Does there exist an f(x) minimum first-degree polynomial with integer coefficients, such that for any x integer number, f(x) is prime?
Any help would be appreciated!
No!
Proof by reductio ad impossibile.
Suppose that there is exist such polynomial $\displaystyle f(n)$.
$\displaystyle f(n)=a_kn^k+...+a_1n+a_0$
Let now $\displaystyle n=n_0$ such that $\displaystyle f(n_0)=p$, when $\displaystyle p$ is prime.
Let now be $\displaystyle t\in\mathbb{N}$, and let us look at:
$\displaystyle f(n_0+tp)=a_k(n_0+tp)^k+...+a_1(n_0+tp)+a_0$
$\displaystyle =a_kn_0^k+...+a_1n_0+a_0+pQ(t)$
$\displaystyle =f(n_0)+pQ(t)$
$\displaystyle =p+pQ(t)=p(1+Q(t))$
$\displaystyle Q(t)$ is polynomial with integer coefficients.
So, $\displaystyle p\mid{f(n_0+tp)}$, but $\displaystyle f(n)$ is generates primes only, therefor $\displaystyle f(n_0+tp)=p$ for all integer $\displaystyle t$.
Now, from the fact that polynomial can't have the same value more than $\displaystyle k$ times, we get the contradiction!
Here some interesting polynomials:
$\displaystyle f(n)=110,437+13,860n$ when $\displaystyle n=0,1,...,10$ then $\displaystyle f(n)$ is prime...
Also(famous one):
$\displaystyle f(n)=n^2+n+41$
There are many such functions. For example, Riemann gave an explicit formula for the number of primes less than $\displaystyle x$. A prime-yielding formula can be easily constructed from this.
There is also a positive constant $\displaystyle A$, known as Mill's constant, such that $\displaystyle \lfloor A^{3^n}\rfloor$ is prime for every $\displaystyle n$. It's about $\displaystyle 1.306...$ if the Riemann hypothesis is correct.
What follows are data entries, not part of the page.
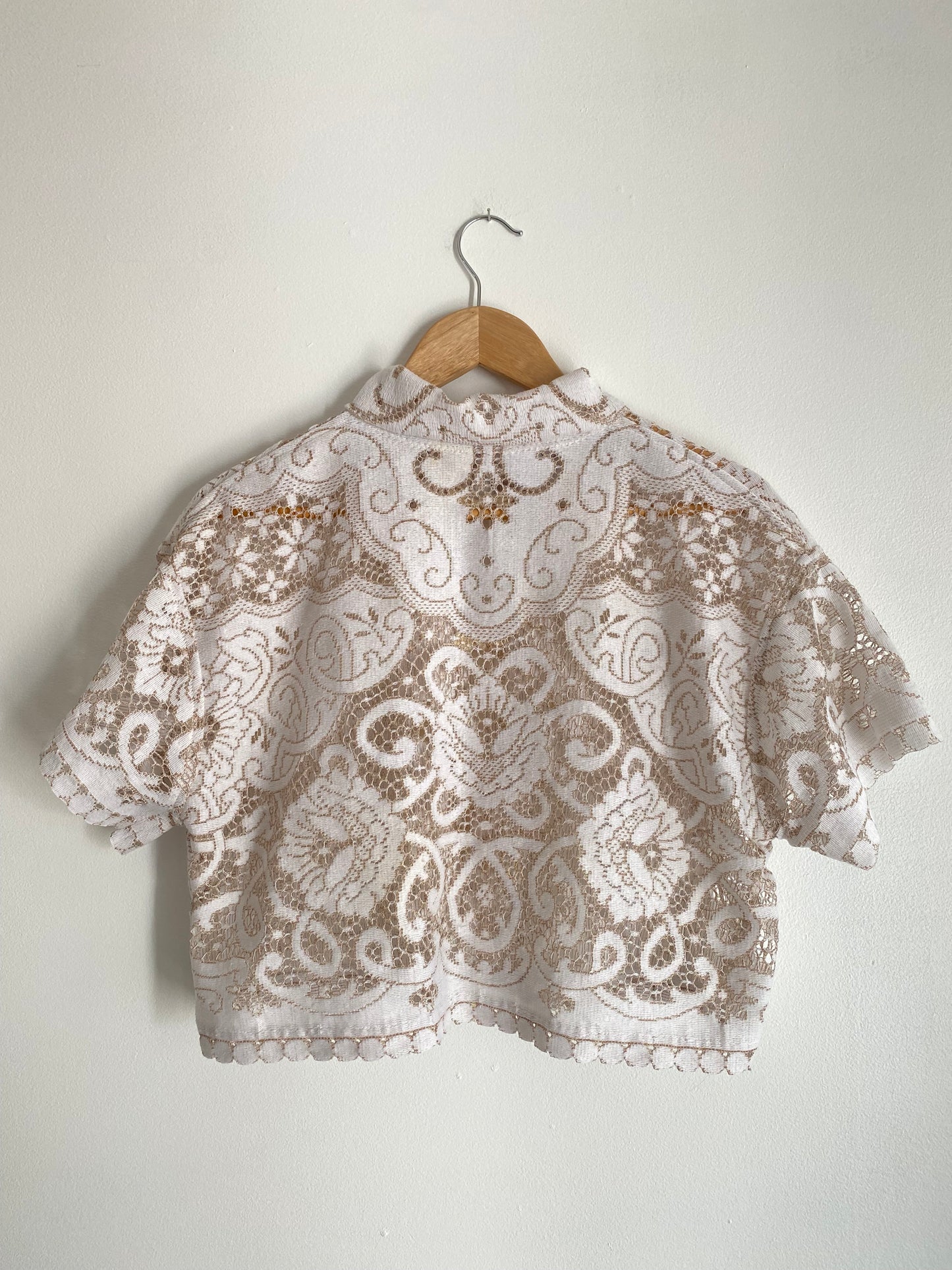 Upcycled Tie-front Lace Blouse II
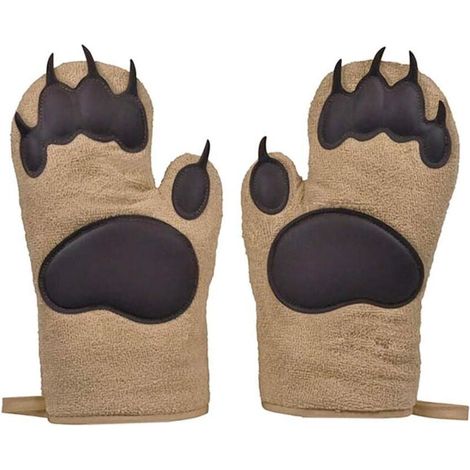 Cuisine cuisson barbecue épaississement pattes d'ours maniques et gants de four, four ours mains mitaines, 1 paire ensemble de 2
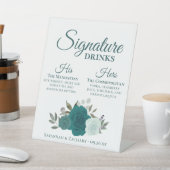 Signe De Table Signature Boissons Turquoise & Aqua Rose Mariage (In SItu)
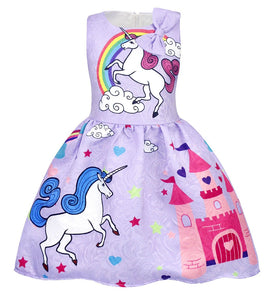 Girls Unicorn Dress Up Costume Kids Sleeveless Princess Party Dress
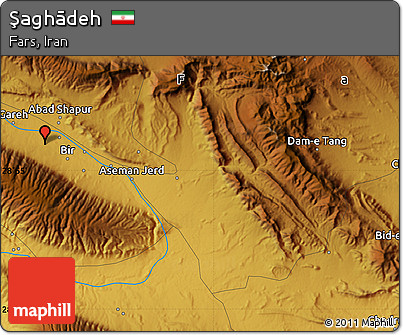 Physical Map of Şaghādeh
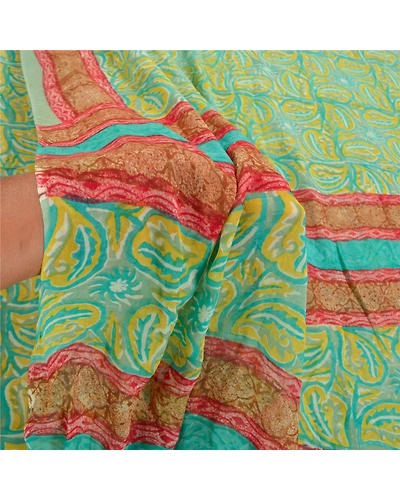 Sanskriti Vintage Green Saree Blend Georgette Printed Sari 5 Yard Craft Fabric, PRG-8569-Green-Printed Floral Design-Blend Georgette-4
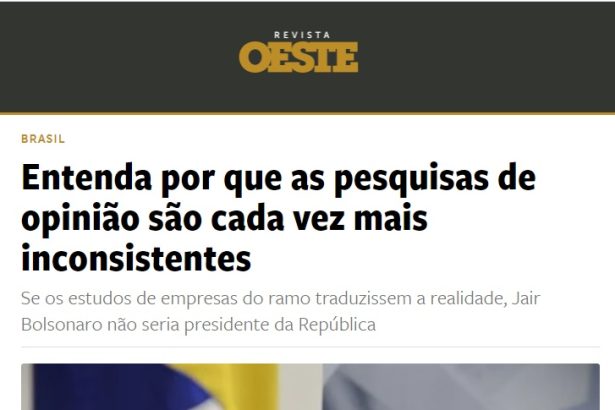 Revista Oeste cita pesquisa realizado pela Paraná Pesquisas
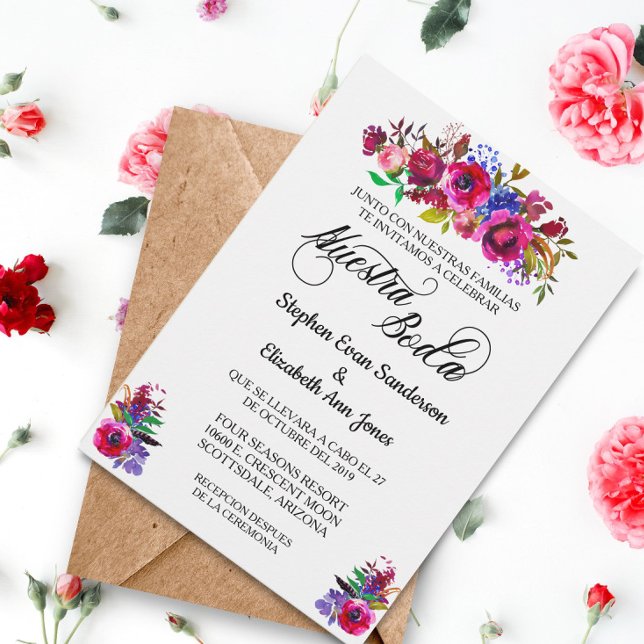Spanish Wedding Bright Flower  Nuestra Boda Invitation (Creator Uploaded)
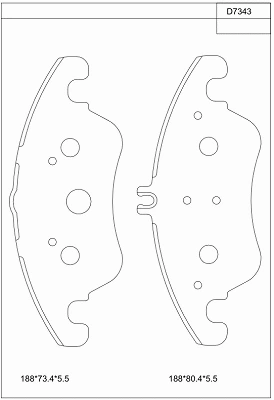 Kit de plaquettes de frein, frein à disque ASIMCO KD7343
It yields the sequence of primes $\displaystyle 2, 11, 1361, 2521008887, ...$.
Also, the simple recurrence relation $\displaystyle a_1=7, a_{n+1}=a_n+\mbox{gcd}(a_n,n)$ generates only primes.
There is no reason why any given kind of "formula for primes" could not exist. It is a popular belief that there is no such thing; I've even heard non-mathematicians claim it, as if it were some kind of established result. I don't believe the OP was asking a silly question at all, because there do exist many such formulae.
Here's another proof that no non-constant polynomial with integer coefficients yields only primes. Let $\displaystyle c=f(0)$ be the constant term of this polynomial. It's quite easy to see that $\displaystyle f(mc)$ is divisible by $\displaystyle c$ for every integer $\displaystyle m$.